# [Directions]
Repeat the records below word for word and omit each image.

────────

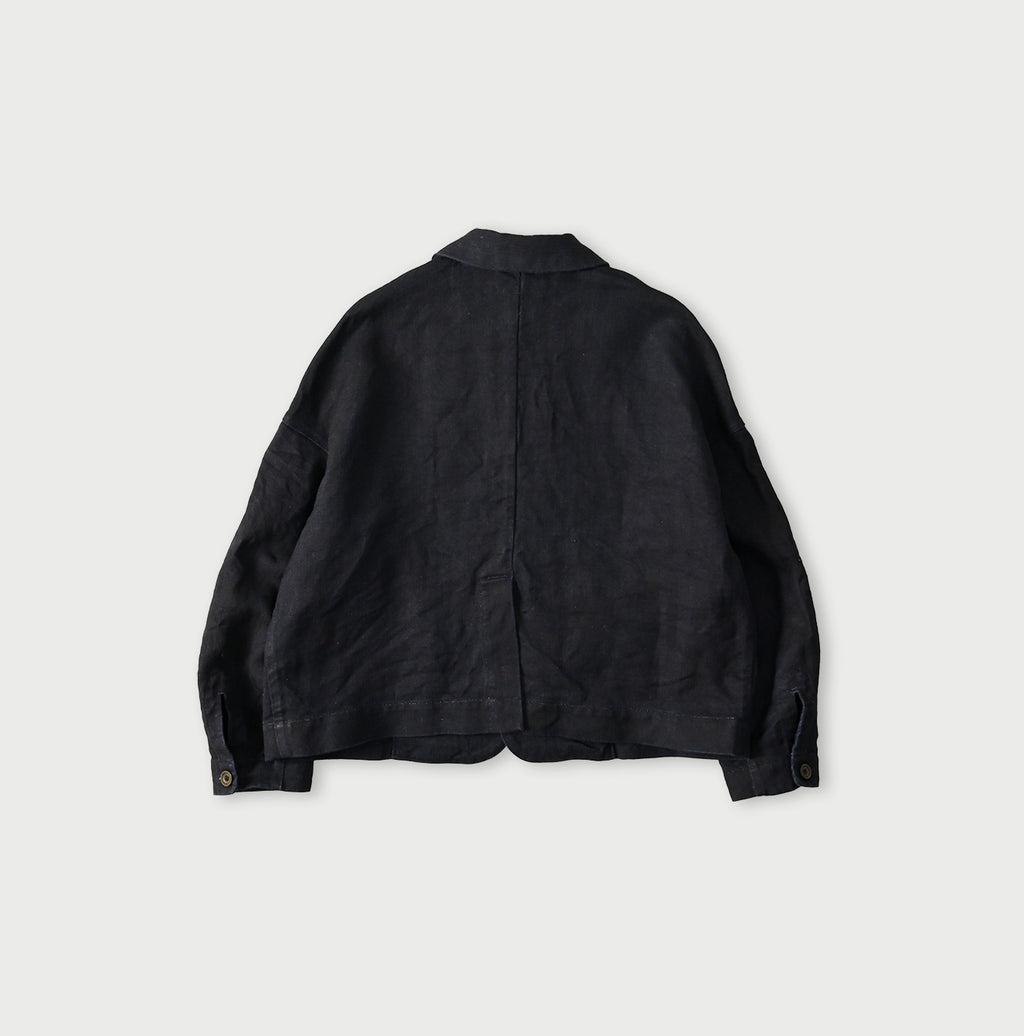Indigo Linen Herringbone 908 Uma Jacket Back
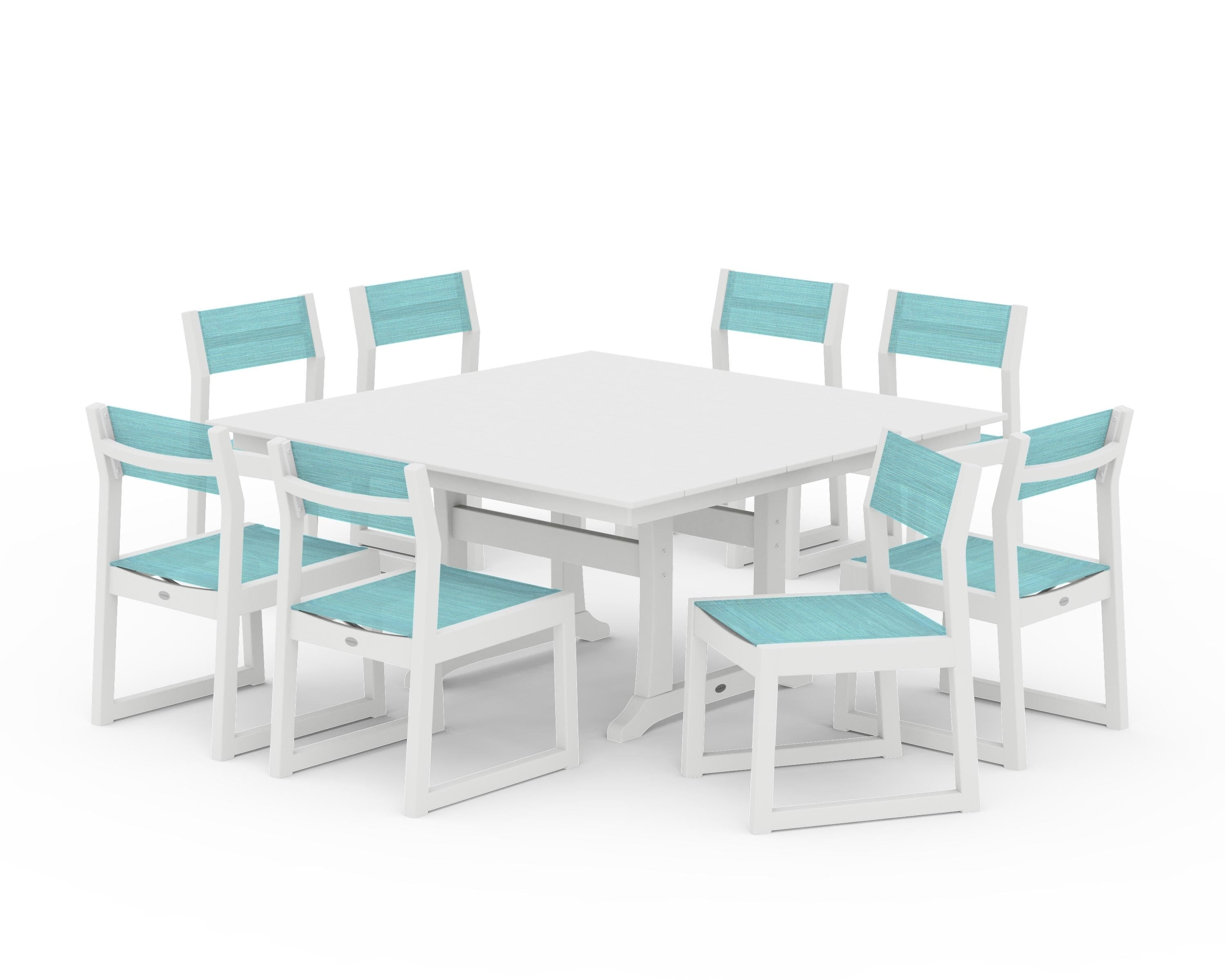 POLYWOOD EDGE Sling Side Chair 9-Piece Farmhouse Trestle Dining Set in White / Dupioni Aquamarine Sling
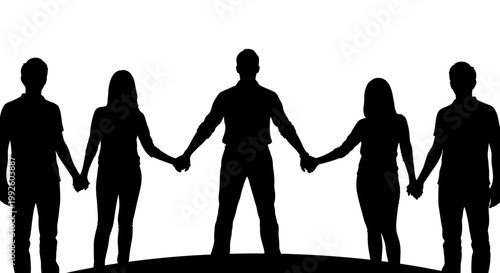 Diverse group of people holding hands together.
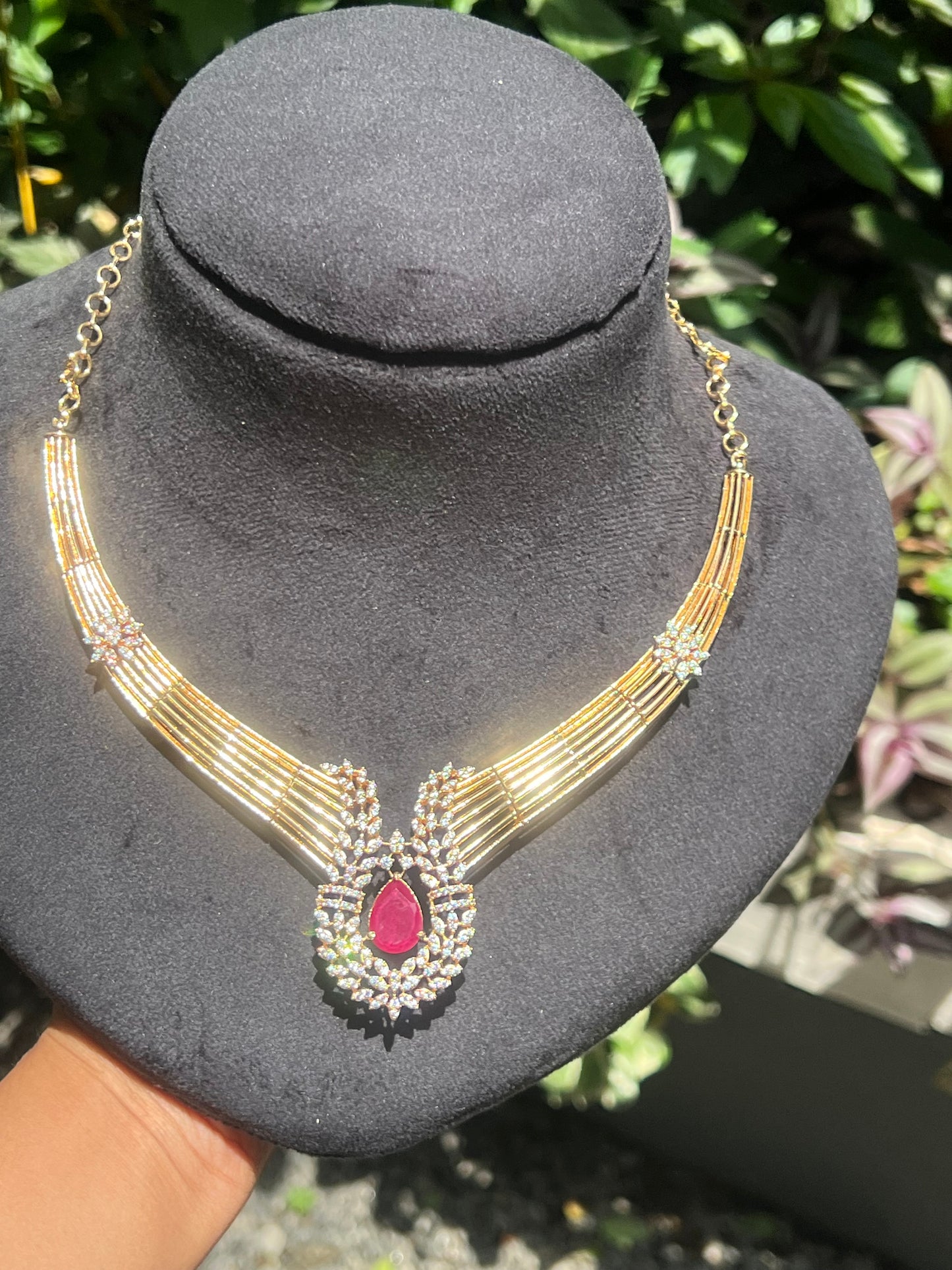 Premium quality American diamond 24carat gold plated bridal necklace with backchain product code G100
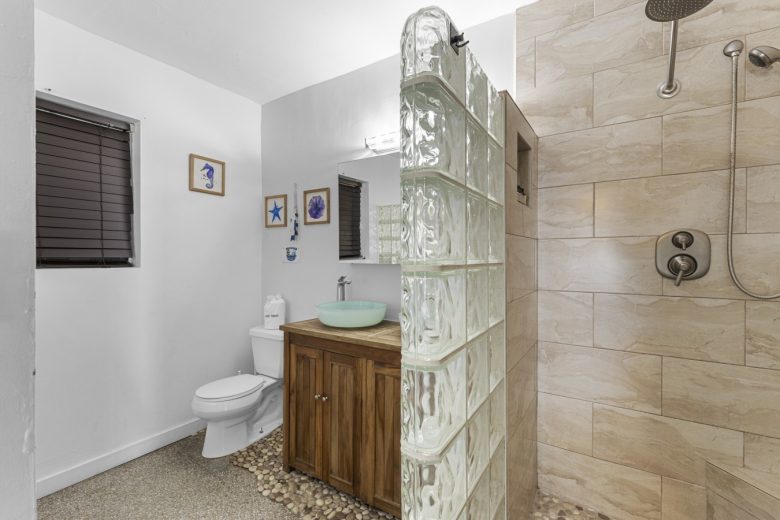 Master Bath with dual sink, shower and toilet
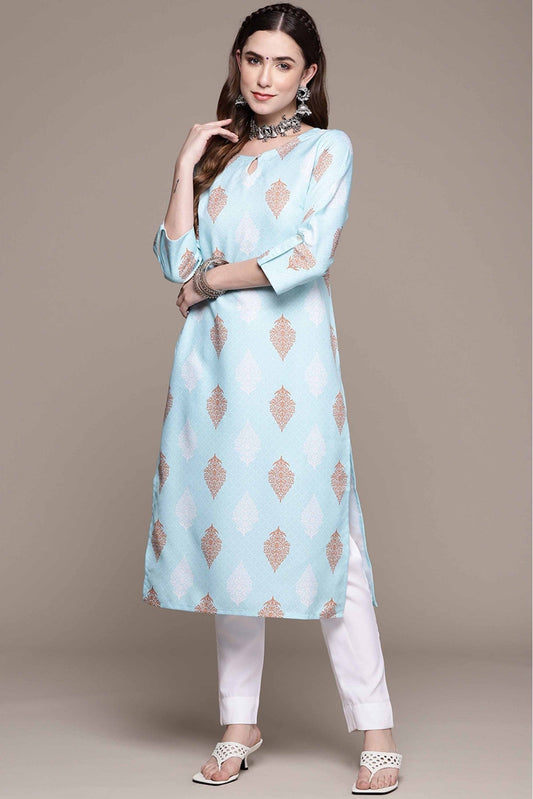 Sky Blue Colour Rayon Printed Kurta With Pant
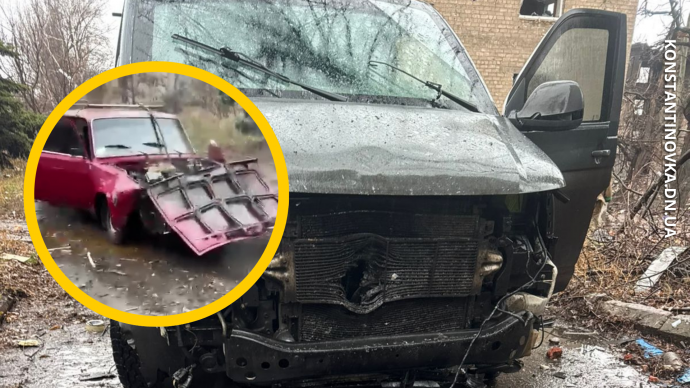 В Константиновке зафиксировано два удара FPV-дронов: повреждены автомобили, пострадавших нет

────────

# [Task output]
Indigo Linen Herringbone 908 Uma Jacket Back
 POLYWOOD EDGE Sling Side Chair 9-Piece Farmhouse Trestle Dining Set in White / Dupioni Aquamarine Sling
 Diverse group of people holding hands together.
 Premium quality American diamond 24carat gold plated bridal necklace with backchain product code G100
 Master Bath with dual sink, shower and toilet
 Sky Blue Colour Rayon Printed Kurta With Pant
 В Константиновке зафиксировано два удара FPV-дронов: повреждены автомобили, пострадавших нет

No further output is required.